Octoblur: If the quality doesn't scare you the quantity will.
Maybe I expected too much, but The Final Girls is a major disappointment. As a lover of both 1980s slasher movies and some thoughtful meta deconstruction from time-to-time, I was primed to enjoy this brand new slice of homage, especially after hearing so much praise for it — as well as an engaging interview with director Todd Strauss-Schulson — on the podcasts I listen to. But, it missed every single mark it aimed for, and by such a margin I had to wonder if the filmmakers even knew what the target looked like.
Taissa Farmiga stars a Max, the teen daughter of an actress (Malin Akerman) whose career peaked 20 years earlier as a minor scream queen in movies like "Chopping Mall, " "Co-Ed Massacre" and the slasher "Camp Bloodbath." Even though mom is a sad flake, they have a special bond, and her death in a car accident apparently leaves Max with unresolved (but very vague) mommy issues. Three years later, at a special screening of "Camp Bloodbath, " Max and four of her friends are inexplicably pulled into the movie and decide that the only way out is to manipulate the rules of the slasher sub-genre and kill the masked murderer, Billy.
The Final Girls sounds like it could be a lot of fun, but to do so would require a familiarity with real slasher movies, a skill at recreating the look and feel of a very particular medium, a consistent point-of-view, and some kind of narrative plan that makes the least bit of sense and follows through to a conclusion. It has none of these. It feels like an homage to a guess of what '80s slasher movies were like from someone who has only seen bad parodies of the already self-conscious slashers of the late 1990s; it is aesthetically incoherent, attempting to pass off its own overproduced style as a tone-deaf tribute; it switches randomly from broad, dumb spoof to straight horror to earnest sentimentality without providing a framework in which any one approach is comprehensible or gratifying let alone complementary to the others; none of the set-ups payoff; and none of the pay-offs are set-up.
Even though I came into The Final Girls already liking Farmiga, Akerman and co-stars Thomas Middleditch and Alia Shawkat from their TV roles, I was quickly put off by the artificial on-the-nose writing that stripped their characters of real personalities. the mother-daughter relationship at one of the movie's many conflicting cores is initially too adoring of immature parenting to earn the later pay-off of the ultimate motherly sacrifice, if that's even what it was going for. That family drama portion — which I thought was the movie's main focus, until the further dispiriting twist ending — is all emotional gestures and no substantial drama. Middleditch has an appealing comic personality, briefly providing the only laughs in a movie that is ostensibly a comedy. the rest of the "laughs, " the unfunny ones, come from the broadly artificial "Camp Bloodbath" universe, which resembles none of the actual movies it purports to celebrate. Adam DeVine and Angela Trimbur join Akerman as the movie-within's fictional characters, but they play their roles too loudly, as if they are in a skit sending up bad beach comedies.

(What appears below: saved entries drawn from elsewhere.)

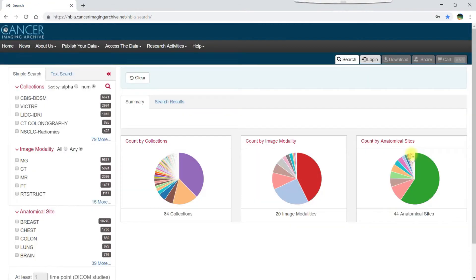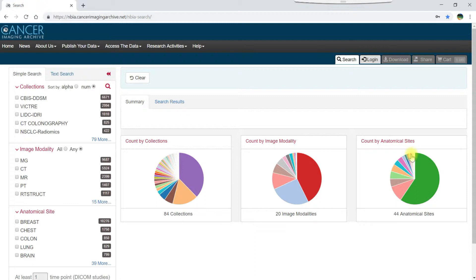Note that while the majority of TCIA data is open access and available without logging in, a small subset of collections is hosted under temporary embargoes or is restricted to certain groups of approved users. If you need to access a restricted data set, click the login tab to register for a data portal account.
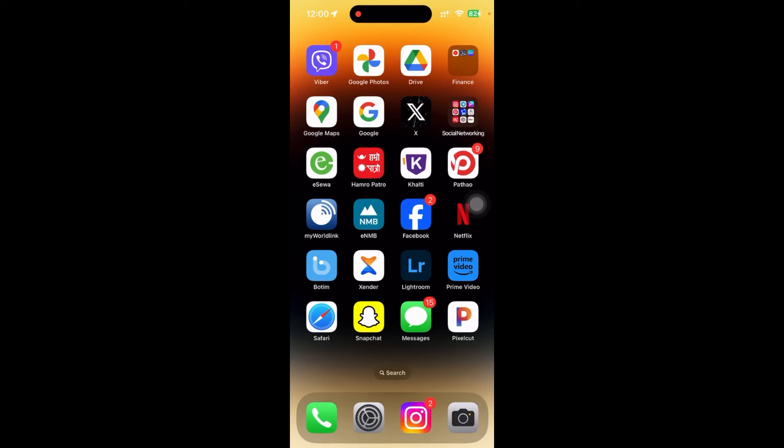Hey guys, welcome back to the channel 1-2-step. So in this video, I'm going to show you how to know if someone has seen your message in Viber or not.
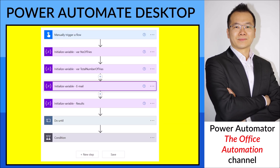This is the Power Automate cloud flow that triggers the Power Automate Desktop. You will actually need to initiate some variables. Then in the Do Until will be your Power Automate Desktop flow.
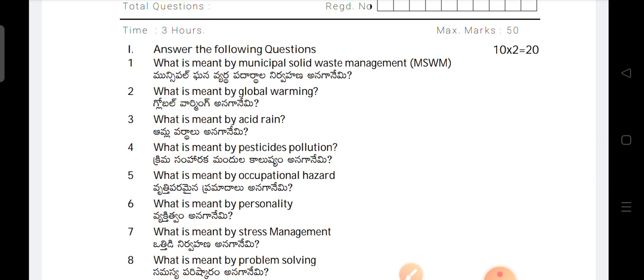Section A, consisting of two-mark questions, there is no choice. Section B, long answer questions. There are six-mark questions. You have three choices. Out of eight, you have to attempt five. Each question carries six. Six into five, thirty. Two into ten, twenty. So, twenty plus thirty, fifty marks.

Visually, instead of attempting to lovingly recreate the style of the '80s slasher, Strauss-Schulson incongruously takes his inspiration from The Wizard of Oz, making this alternate dimension so brightly colored and conspicuously art-directed it only works as a parody of tone-deaf film students in love with their palettes. There is one sequence around the hour mark in The Final Girls that effectively evokes the slasher medium, but it is still unable to work within style of the era the movie imposes on itself. Instead there is a succession of wildly overproduced vistas (augmented by egregiously fake CGI effects, some of the worst I've seen recently) and aggressively lit sets that often look very nice but which are totally at odds with the context. I suspect this is because Strauss-Schulson is essentially uninterested in his own concept and simply forgot about it for a while.
After first establishing the conceit that their characters are stuck in an old horror movie, Strauss-Schulson and writers M.A. Fortin and Joshua John Miller (the latter of whom was actually in 1980s horror movies as a child actor) spend the next half-hour completely ignoring it, with Billy reduced to lamely peeking in one window during a half-hour stretch devoted to Max sweetly bonding with her mom's movie character. However, The Final Girls then manically switches back to the horror gimmick for a climactic confrontation that, neutered by inattention, is shot like a bad imitation of Zack Snyder's overcooked vision. the coda of The Final Girls reveals an even deeper level of thematic confusion — as well as the depressing promise of a sequel — as if throwing a quantity of ideas at the audience will mask the lack of effort put into adequately realizing any of them.
I loved the meta exploration of horror tropes in Cabin in the Woods — and liked the lesser but fun Scream and Tucker and Dale vs. Evil — which all focused on and explored their points of interest with great affection. The Final Girls thinks it does the same just by rattling off a few tropes, like a 5-year-old who has memorized 10 state capitals, but still gets 3 of them wrong.